- [TASK DIRECTIONS]
Where the records below show a line containing "Typically I'd use", start copying; end with the line containing "I just follow", and copy it too.

Segment Start: RECORDED INFORMATION

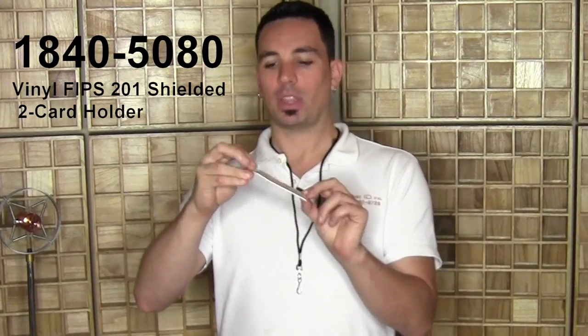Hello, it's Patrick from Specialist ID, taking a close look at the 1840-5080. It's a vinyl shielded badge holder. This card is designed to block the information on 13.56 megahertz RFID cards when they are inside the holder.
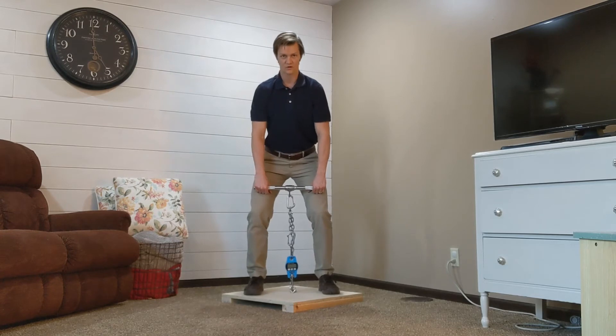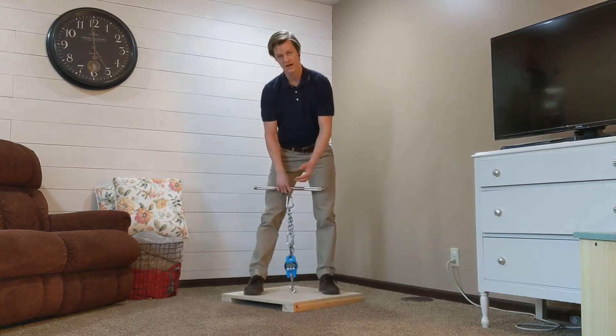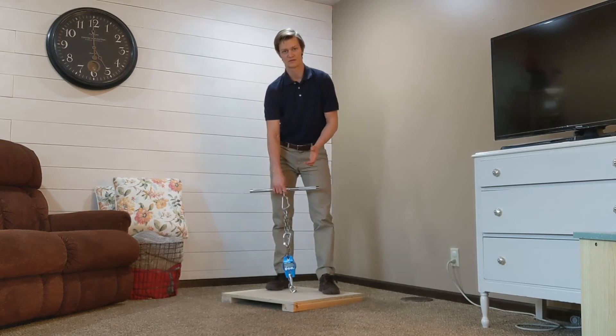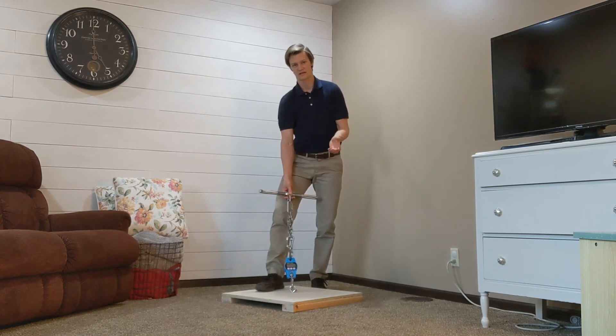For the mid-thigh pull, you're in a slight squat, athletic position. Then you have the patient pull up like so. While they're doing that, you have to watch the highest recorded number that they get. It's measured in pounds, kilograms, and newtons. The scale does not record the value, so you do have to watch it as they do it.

Segment End: RECORDED INFORMATION
Segment Start: RECORDED INFORMATION

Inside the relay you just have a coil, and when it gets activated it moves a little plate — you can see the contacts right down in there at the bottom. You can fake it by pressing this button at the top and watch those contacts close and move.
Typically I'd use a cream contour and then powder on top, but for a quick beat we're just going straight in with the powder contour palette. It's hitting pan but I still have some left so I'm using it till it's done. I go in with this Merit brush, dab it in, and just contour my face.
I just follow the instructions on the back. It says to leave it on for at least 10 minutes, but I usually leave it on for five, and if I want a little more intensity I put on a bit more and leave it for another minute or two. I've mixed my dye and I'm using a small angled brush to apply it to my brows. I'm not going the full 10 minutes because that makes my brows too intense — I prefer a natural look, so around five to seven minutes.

Segment End: RECORDED INFORMATION

- [WRITTEN SOLUTION]
Typically I'd use a cream contour and then powder on top, but for a quick beat we're just going straight in with the powder contour palette. It's hitting pan but I still have some left so I'm using it till it's done. I go in with this Merit brush, dab it in, and just contour my face.
I just follow the instructions on the back. It says to leave it on for at least 10 minutes, but I usually leave it on for five, and if I want a little more intensity I put on a bit more and leave it for another minute or two. I've mixed my dye and I'm using a small angled brush to apply it to my brows. I'm not going the full 10 minutes because that makes my brows too intense — I prefer a natural look, so around five to seven minutes.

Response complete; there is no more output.